■ **AVAILABLE RECORDS**:
________

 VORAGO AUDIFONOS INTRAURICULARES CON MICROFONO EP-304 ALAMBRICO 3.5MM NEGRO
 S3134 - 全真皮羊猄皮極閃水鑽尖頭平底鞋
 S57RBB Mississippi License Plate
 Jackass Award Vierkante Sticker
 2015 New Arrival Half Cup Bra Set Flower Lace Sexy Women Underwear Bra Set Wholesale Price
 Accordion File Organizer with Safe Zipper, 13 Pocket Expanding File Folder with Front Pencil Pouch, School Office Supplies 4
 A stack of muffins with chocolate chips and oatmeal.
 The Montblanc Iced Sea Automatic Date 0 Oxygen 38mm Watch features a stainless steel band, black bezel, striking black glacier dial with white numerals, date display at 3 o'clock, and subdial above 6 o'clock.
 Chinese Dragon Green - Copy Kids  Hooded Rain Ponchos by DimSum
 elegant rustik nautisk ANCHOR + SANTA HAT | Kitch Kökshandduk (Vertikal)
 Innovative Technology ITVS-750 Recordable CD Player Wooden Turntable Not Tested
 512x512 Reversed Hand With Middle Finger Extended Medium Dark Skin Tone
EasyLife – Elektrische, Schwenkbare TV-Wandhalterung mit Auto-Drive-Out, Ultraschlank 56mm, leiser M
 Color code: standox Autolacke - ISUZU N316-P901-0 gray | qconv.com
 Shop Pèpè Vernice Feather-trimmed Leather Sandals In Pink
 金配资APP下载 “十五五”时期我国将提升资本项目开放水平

________

■ **EXERCISE**: Beginning at the line that contains "S57RBB Mississippi License Plate", reproduce every line down to the last line of the entries above, exactly and only those.

■ **RESULT BELOW**:
 S57RBB Mississippi License Plate
 Jackass Award Vierkante Sticker
 2015 New Arrival Half Cup Bra Set Flower Lace Sexy Women Underwear Bra Set Wholesale Price
 Accordion File Organizer with Safe Zipper, 13 Pocket Expanding File Folder with Front Pencil Pouch, School Office Supplies 4
 A stack of muffins with chocolate chips and oatmeal.
 The Montblanc Iced Sea Automatic Date 0 Oxygen 38mm Watch features a stainless steel band, black bezel, striking black glacier dial with white numerals, date display at 3 o'clock, and subdial above 6 o'clock.
 Chinese Dragon Green - Copy Kids  Hooded Rain Ponchos by DimSum
 elegant rustik nautisk ANCHOR + SANTA HAT | Kitch Kökshandduk (Vertikal)
 Innovative Technology ITVS-750 Recordable CD Player Wooden Turntable Not Tested
 512x512 Reversed Hand With Middle Finger Extended Medium Dark Skin Tone
EasyLife – Elektrische, Schwenkbare TV-Wandhalterung mit Auto-Drive-Out, Ultraschlank 56mm, leiser M
 Color code: standox Autolacke - ISUZU N316-P901-0 gray | qconv.com
 Shop Pèpè Vernice Feather-trimmed Leather Sandals In Pink
 金配资APP下载 “十五五”时期我国将提升资本项目开放水平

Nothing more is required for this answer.